Book Review of Be the Bridge by Latasha Morrison | Chapter 3 An Invitation to Empathize
The second step in the bridge to lament is to “acknowledge the harm and to lament it.” On page 49, Be the Bridge says, “The work of racial reconciliation requires us to acknowledge the harm and to lament it.”
What’s the difference between awareness and acknowledgment? Awareness is a state of being aware whereas acknowledgment is recognition or admission of something’s existence. For example, I can be aware of my sin of gossip aka know that I’m doing it every time I speak ill of someone without their knowledge, but I don’t acknowledge that sin until I confess to it or tell someone I am gossiping.
Is there anything wrong with acknowledging sin? No! We are called to confess sin to God and to those we have sinned against. 1 John 1:9 says, “If we confess our sins, he is faithful and just and will forgive us our sins and purify us from all unrighteousness.” James 5:16 says, “Therefore confess your sins to each other and pray for each other so that you may be healed.
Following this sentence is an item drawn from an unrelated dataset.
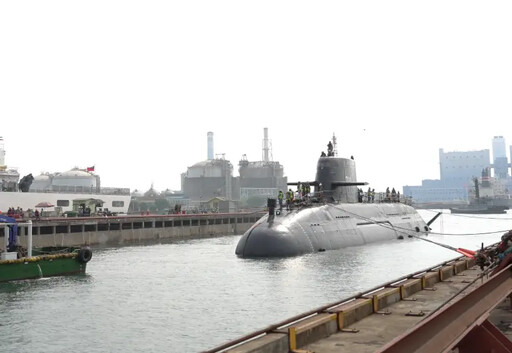 海鯤號傳5/12海試 成功級艦出海伴隨戒護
The prayer of a righteous man is powerful and effective.” Confession leads to the forgiveness of sins, which is part of salvation.
What SIN does Be the Bridge want us to confess?
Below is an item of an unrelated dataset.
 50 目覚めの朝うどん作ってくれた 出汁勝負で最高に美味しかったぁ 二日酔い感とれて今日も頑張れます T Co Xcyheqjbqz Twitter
Morrison uses her friend Deanna as an example of the power of acknowledgment and lament. On page 47, Morrison writes, “Deanna joined our online Be the Bridge community in 2015…She was challenged to address hidden sin and not continue perpetuating a family history of generational racism…she came willing to acknowledge and lament her family’s part in racial atrocities. She shared with the group that her grandfather Henry Alexander was a known foot soldier of the Ku Klux Klan in Montgomery, Alabama.”
The sin to be confessed is “hidden sin.” Because sin cannot be hidden from God, Morrison is referring to a sin not known to the person who committed it. In this case, Deanna’s hidden sin is “her family’s part in racial atrocities” or “generational racism.”